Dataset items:
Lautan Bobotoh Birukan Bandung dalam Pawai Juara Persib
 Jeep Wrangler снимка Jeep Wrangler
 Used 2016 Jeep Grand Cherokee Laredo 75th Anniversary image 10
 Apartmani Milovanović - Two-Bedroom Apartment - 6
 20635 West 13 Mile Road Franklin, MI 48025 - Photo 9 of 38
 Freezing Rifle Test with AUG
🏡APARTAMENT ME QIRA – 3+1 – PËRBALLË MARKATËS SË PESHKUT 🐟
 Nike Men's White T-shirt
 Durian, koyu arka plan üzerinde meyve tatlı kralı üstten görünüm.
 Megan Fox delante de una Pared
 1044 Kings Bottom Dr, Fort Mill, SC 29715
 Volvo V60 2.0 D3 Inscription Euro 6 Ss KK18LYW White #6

> **TO DO**: Find the word "White" in the data and copy out each line where it turns up.

> **TASK OUTPUT**:
 Nike Men's White T-shirt
 Volvo V60 2.0 D3 Inscription Euro 6 Ss KK18LYW White #6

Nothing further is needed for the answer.